◆ Data extracts
****************************************

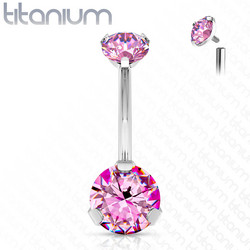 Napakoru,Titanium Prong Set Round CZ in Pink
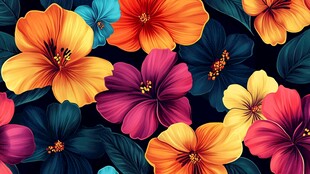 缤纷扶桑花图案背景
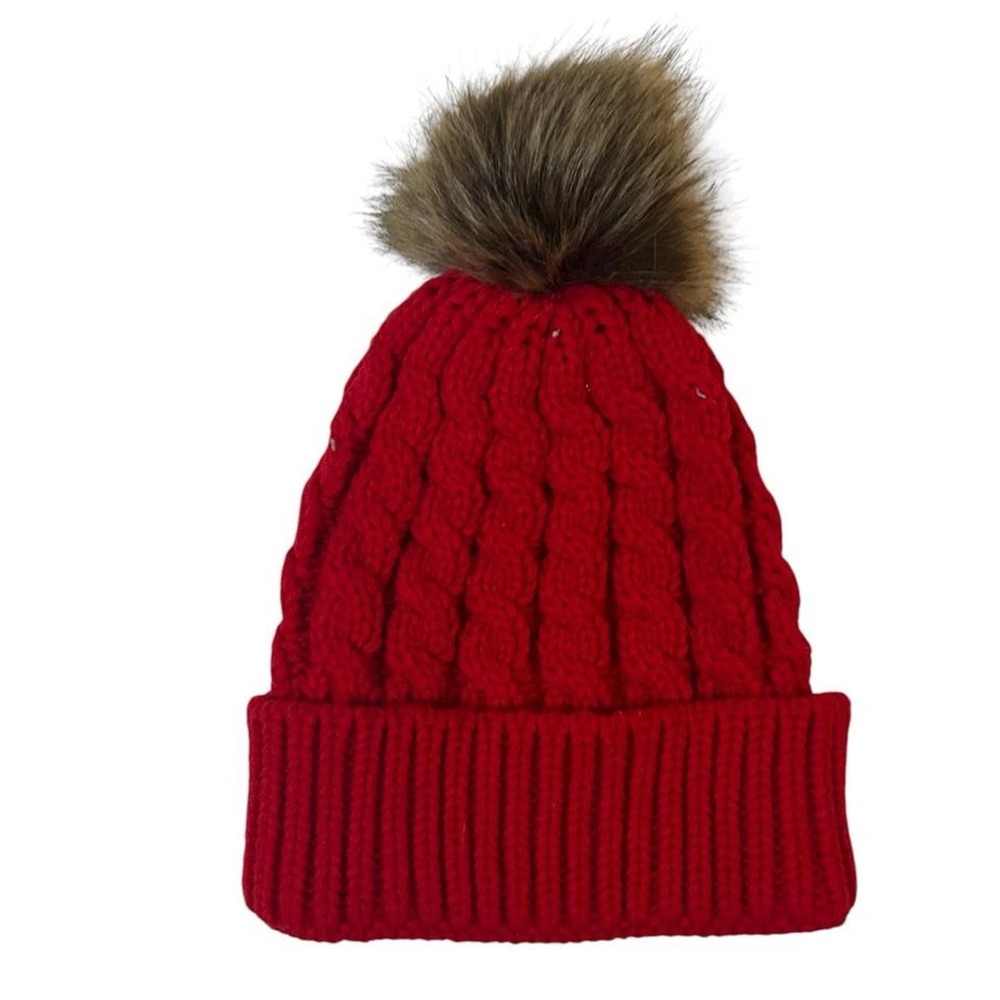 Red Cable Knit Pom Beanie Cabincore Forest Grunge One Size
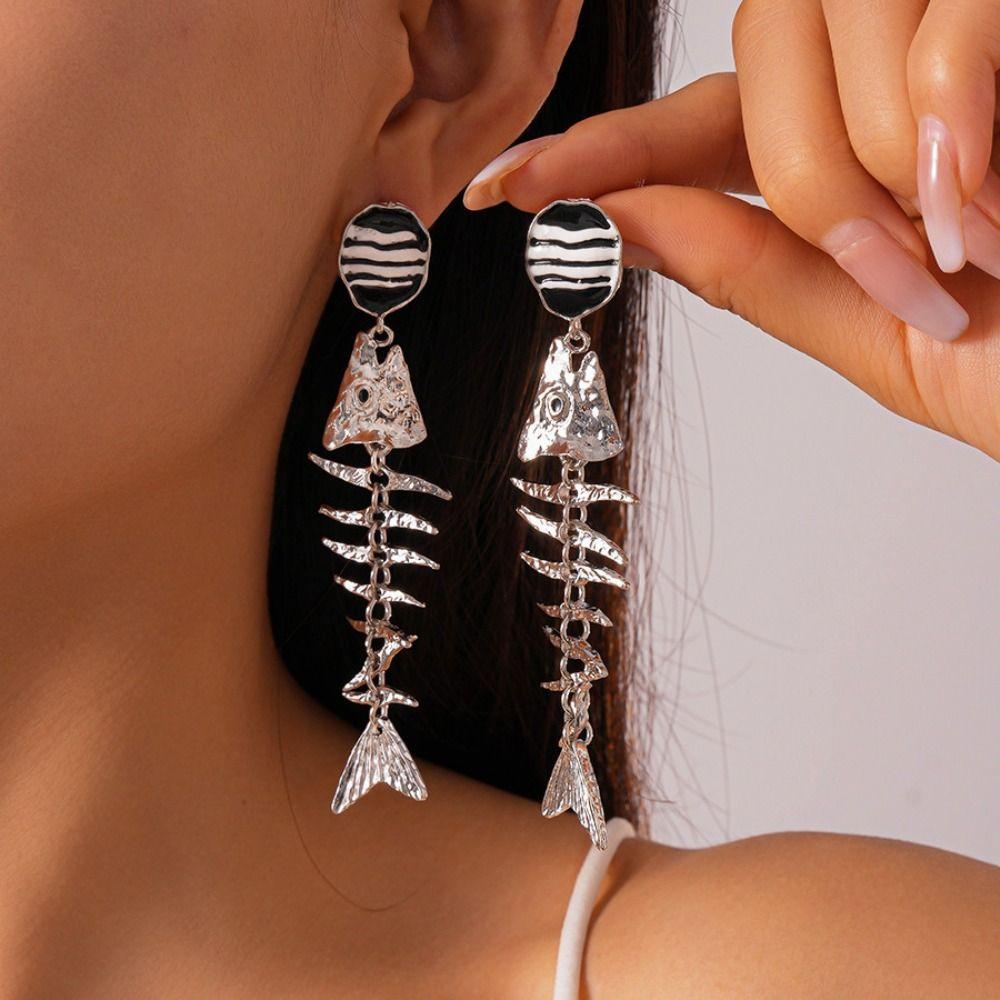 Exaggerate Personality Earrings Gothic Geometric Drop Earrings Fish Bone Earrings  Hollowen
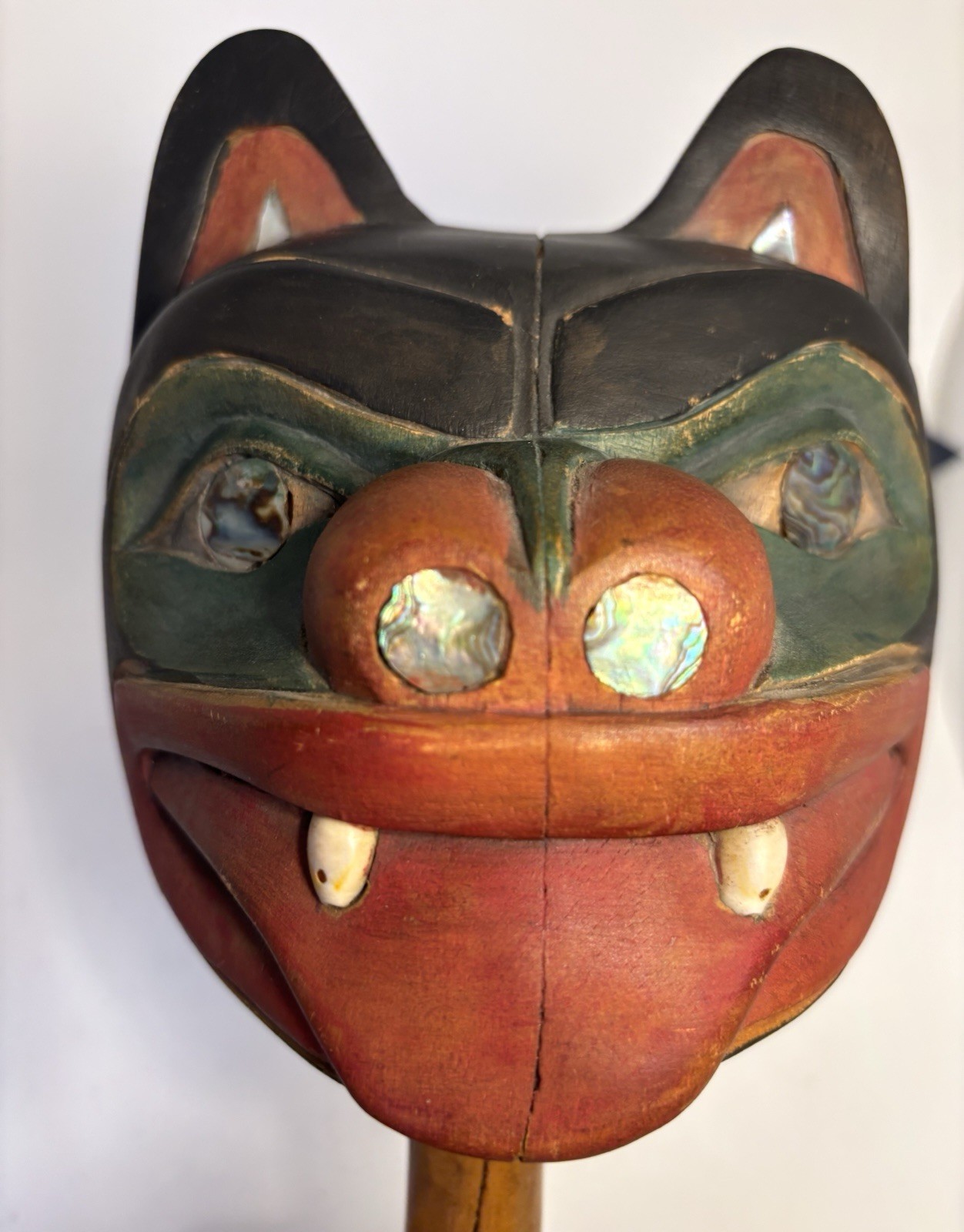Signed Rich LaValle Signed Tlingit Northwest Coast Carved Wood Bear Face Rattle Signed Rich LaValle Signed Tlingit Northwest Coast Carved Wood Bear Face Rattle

****************************************

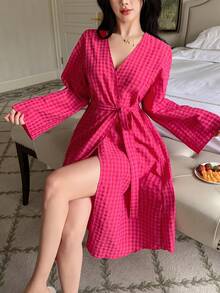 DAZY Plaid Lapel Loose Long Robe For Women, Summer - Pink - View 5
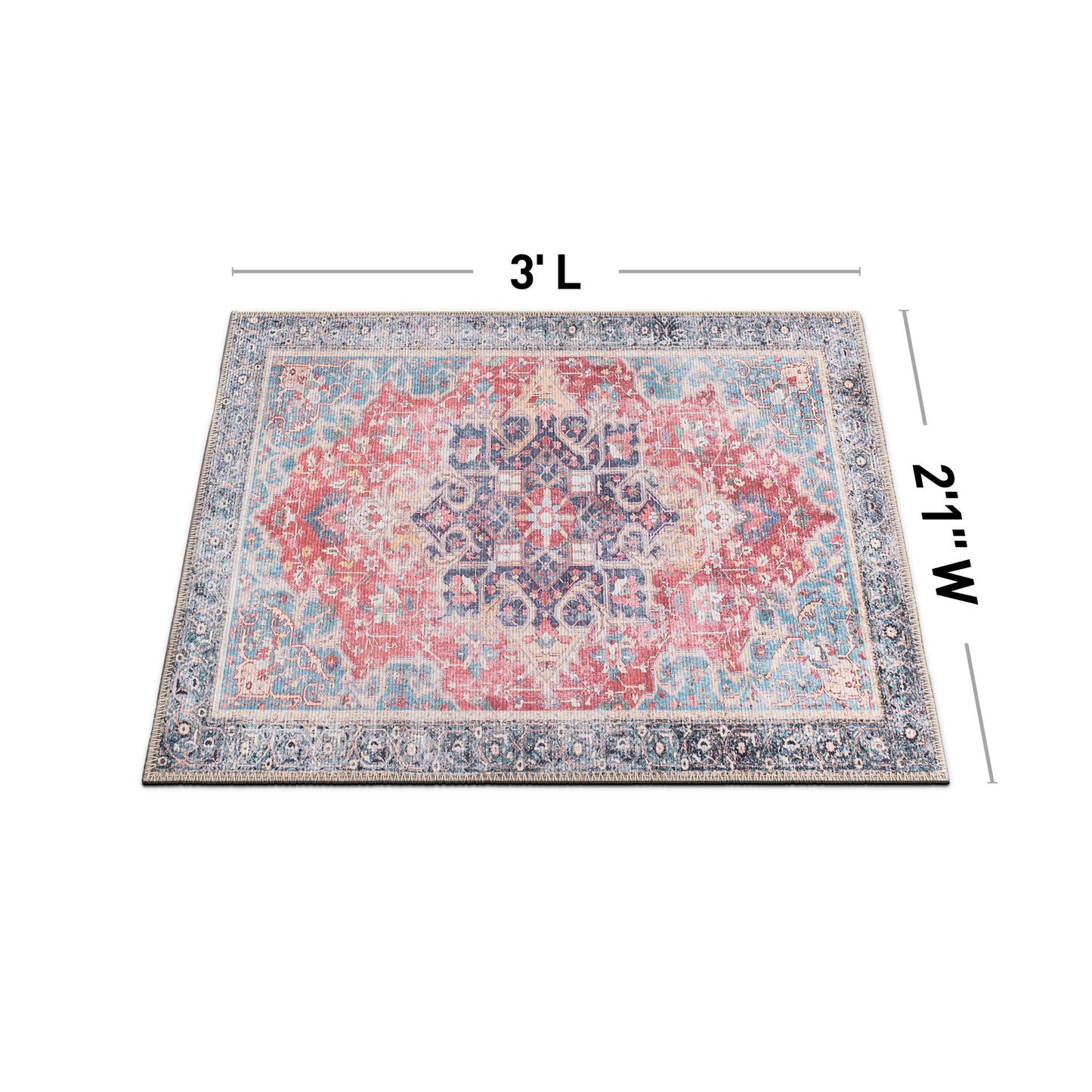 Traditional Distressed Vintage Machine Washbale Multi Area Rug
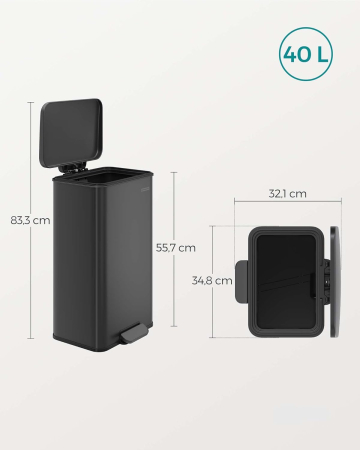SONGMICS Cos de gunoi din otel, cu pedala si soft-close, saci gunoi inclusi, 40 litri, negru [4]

****************************************

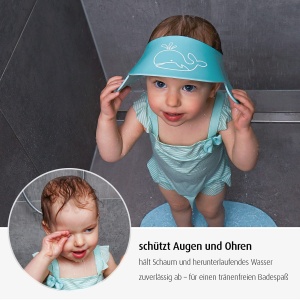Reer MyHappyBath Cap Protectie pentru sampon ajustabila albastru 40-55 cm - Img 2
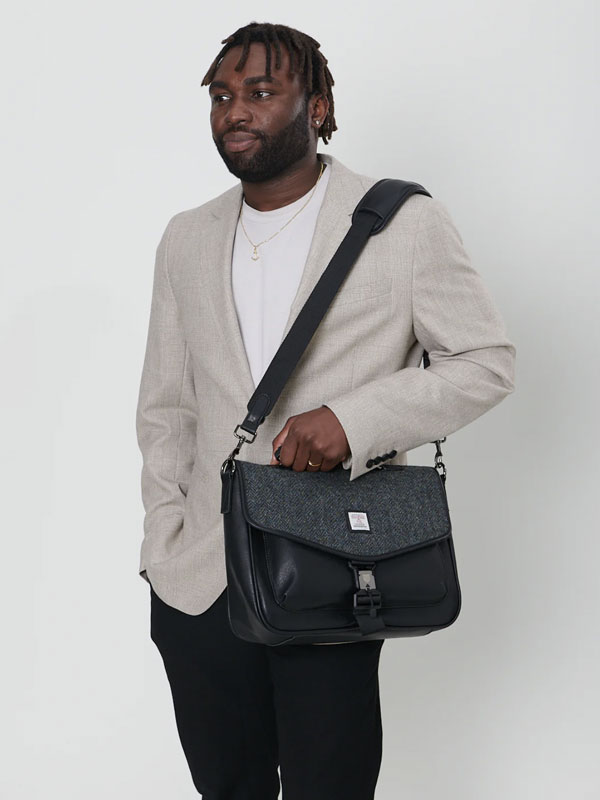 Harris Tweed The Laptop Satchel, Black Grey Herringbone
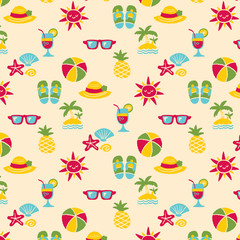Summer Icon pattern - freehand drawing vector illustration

****************************************

◆ What to produce
Reproduce exactly the lines above that run from the one with "Harris Tweed The" to the one with "Summer Icon pattern", both included, leaving pictures out.

◆ Result for this task
 Harris Tweed The Laptop Satchel, Black Grey Herringbone
Summer Icon pattern - freehand drawing vector illustration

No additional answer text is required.